In late March, war-weary UNITA fighters and the government of President José Eduardo dos Santos signed a peace accord. Angolan journalists cheered UNITA’s surrender and began reporting on the rebels’ demobilization and disarmament, as well as on the nationwide reconciliation effort. “Não Coragem” (Courageous Nation), a weekly public-affairs program on state television, won instant popularity inside and outside Angola when it was launched in May. The program broadcasts stories of citizens looking for relatives who disappeared during the decades-long conflict. By September, “Não Coragem” had aired the stories of 7,000 people, reuniting about 80 families, according to the BBC.
Law enforcement officials did not always welcome journalists’ coverage of the reconciliation movement. On May 31, the Office of Criminal Investigations detained and interrogated Manuel Vieira, a correspondent from the Catholic-owned station Radio Ecclesia, in the southern Huila Province. For several hours, Veira was pressed to explain why he had chosen to report that government-built transit camps for demobilized UNITA fighters have curiously high death rates. He was warned against further disclosures and then released.
In January, the Provincial Court of Luanda ordered free-lance journalist Rafael Marques to pay US$950 to President dos Santos following the journalist’s March 2000 conviction for defamation. The case against Marques stemmed from an article he had written blaming dos Santos for “the destruction of the country and the promotion of corruption.”
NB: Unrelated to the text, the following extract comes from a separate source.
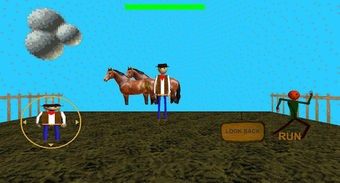 Image 0 for Buldi's basic Wild West F…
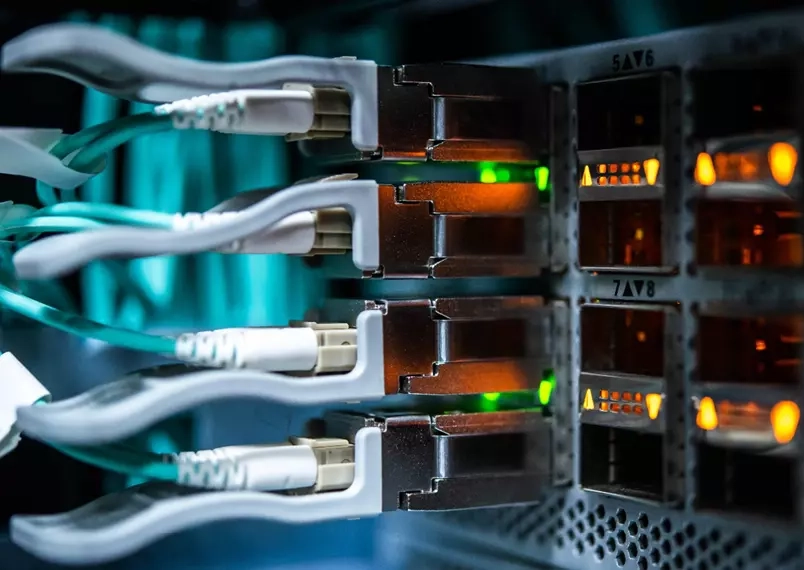 Data Center - Active Optical Cables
At year’s end, a Luanda court was considering a complaint filed by the Eduardo dos Santos Foundation against the private weekly Agora. The paper is accused of forgery and defamation for a November article it published claiming that two Angolan women arrested at the Rio de Janeiro airport in possession of US$1 million in cash were on assignment for the foundation. “It was with perplexity and profound indignation that we took notice of a matter deeply damaging to the image and objectives of the foundation,” the chairman explained.
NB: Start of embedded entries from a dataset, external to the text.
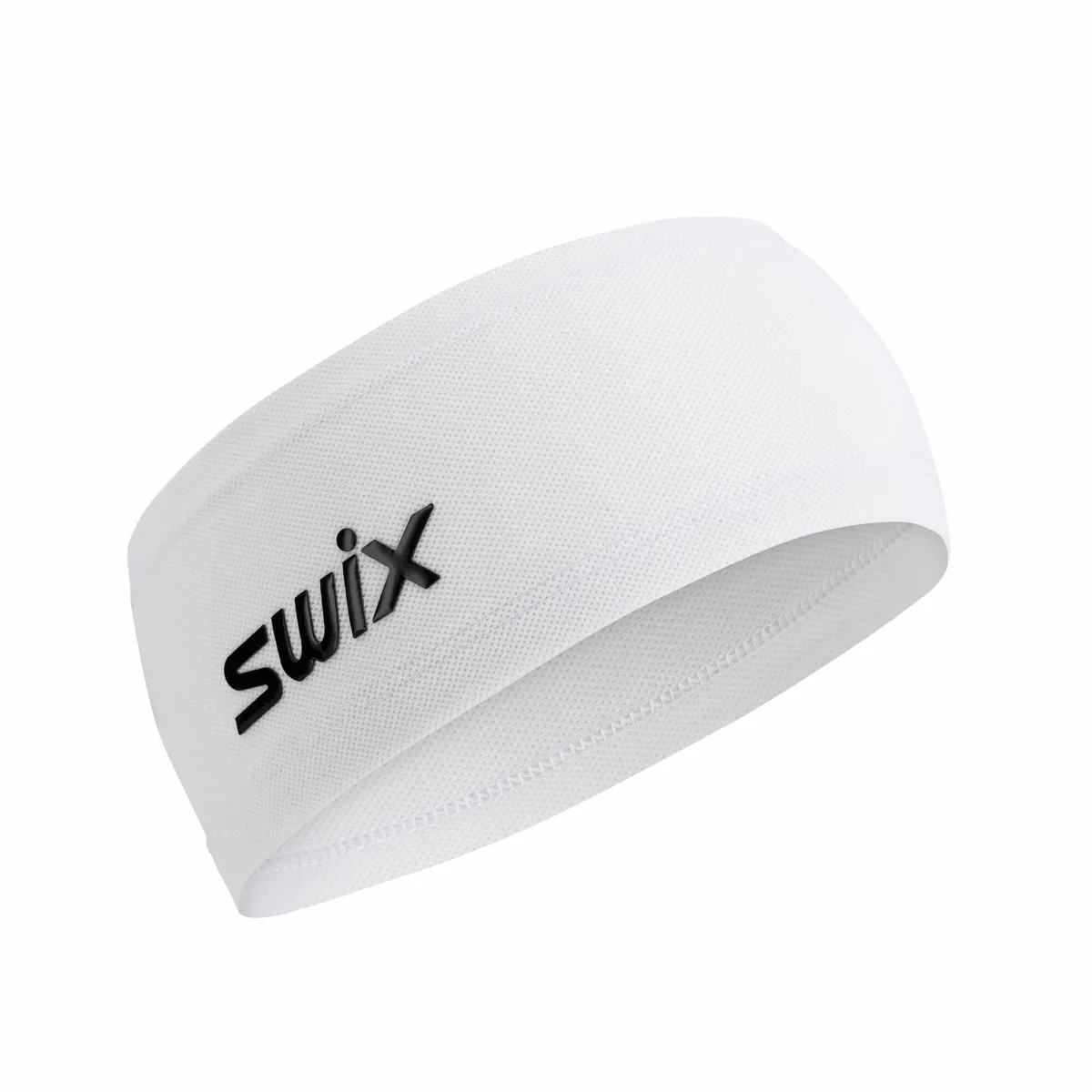 Swix Vantage Light Headband Bright White
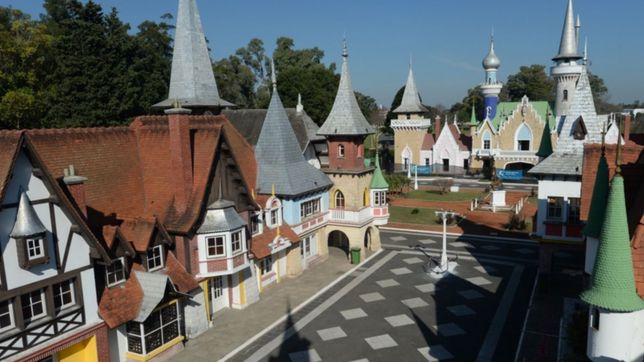 ¿que piensan los platenses sobre la idea de provincializar la republica de los ninos?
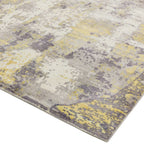 Gatsby 120x170cm Gold Rug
Angola’s leaders have yet to present the draft of a new, more liberal, press law that was promised more than two years ago. Government officials say they are working on it, but journalists remain skeptical. While Agora regularly publishes editorials reminding the government of its promise, most Angolan journalists seem too busy making ends meet to monitor the authorities’ long string of unfulfilled pledges.
“Ponto de Vista”
Authorities in the eastern Angola town of Lunda-Norte banned the popular radio show “Ponto de Vista” (Point of View), which aired on Emissora Provincial da Lunda-Norte, a local affiliate of the Angolan state radio network.
Sources in Angola said that on June 6, the provincial director for social communications, Manuel Cambinda, told the program’s host, Olavito de Assunção, that the program would be taken off the air for being “against the government.” The program remained banned at year’s end.